Distribution-based objectives for Markov Decision Processes

 Blaise Genest
Tuesday, June 26 2018 at 11:00AM
Salle de Conférence (Pavillon des Jardins)
Blaise Genest (Irisa, Rennes)

Abstract: We consider distribution-based objectives for Markov Decision Processes (MDP). This class of objectives gives rise to an interesting trade-off between full and partial information. As in full observation, the strategy in the MDP can depend on the state of the system, but similar to partial information, the strategy needs to account for all the states at the same time.
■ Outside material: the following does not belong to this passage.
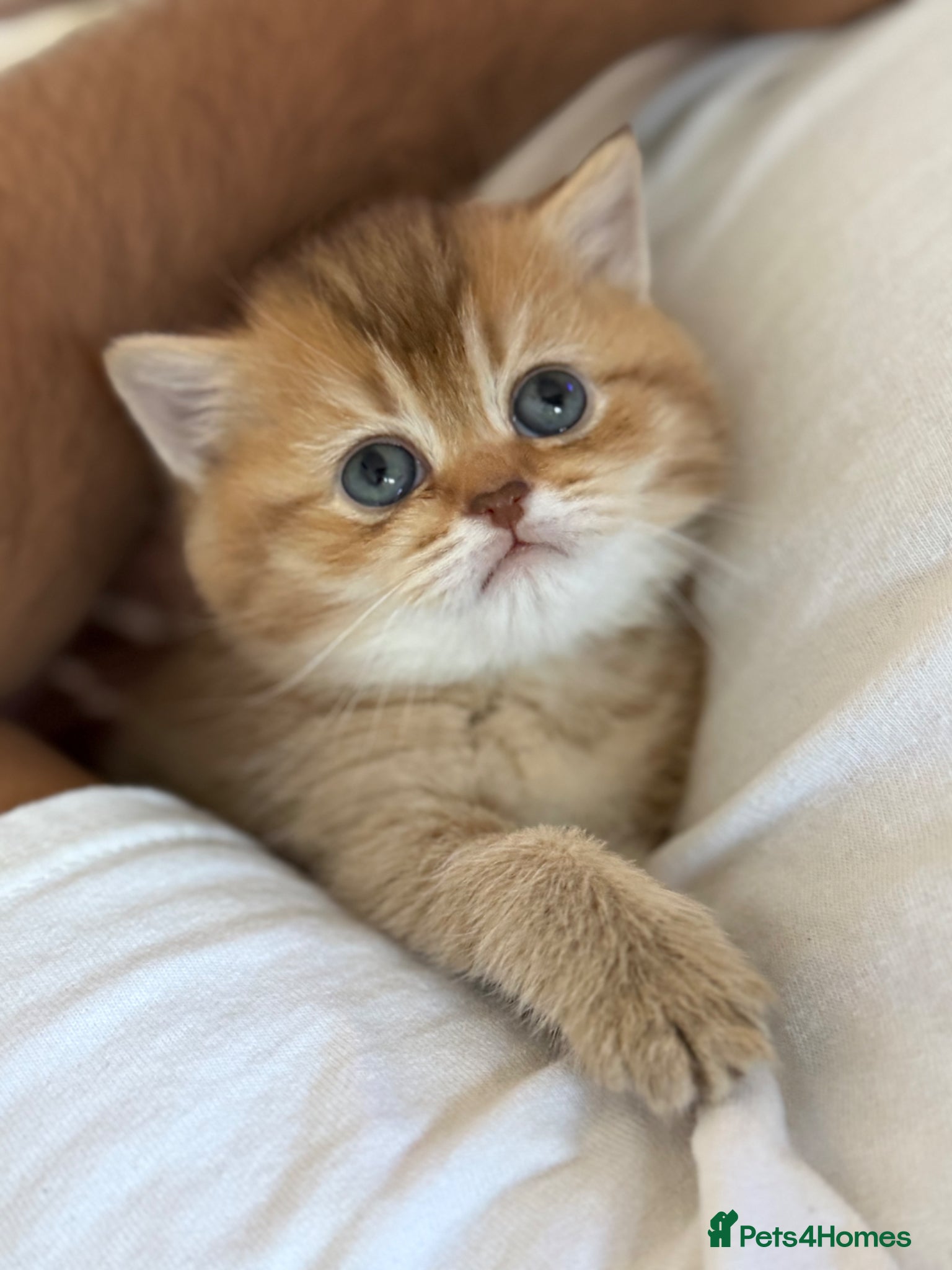 British Shorthair cats 🧸Only 1 Left 🧸Luxury Champion line Golden BSH🌟 - Advert 1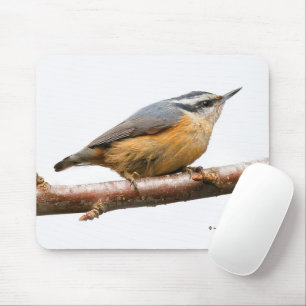 Beautiful Red-Breasted Nuthatch Songbird Mouse Mat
In this paper, we focus on two safety problems that arise naturally in this context, namely, existential and universal safety. Given an MDP A and a closed and convex polytope H of probability distributions over the states of A, the existential safety problem asks whether there exists some distribution ∆ in H and a strategy of A, such that starting from ∆ and repeatedly applying this strategy keeps the distribution forever in H. The universal safety problem asks whether for all distributions in H, there exists such a strategy of A which keeps the distribution forever in H. Further, we compare these results with existential and universal safety problems for Rabin’s probabilistic finite-state automata (PFA), the subclass of Partially Observable MDPs which have zero observation. Compared to MDPs, strategies of PFAs are not state dependent.

joint work with S. Akshay (IIT Bombay) and Nikhil Vyas (PhD student @ MIT).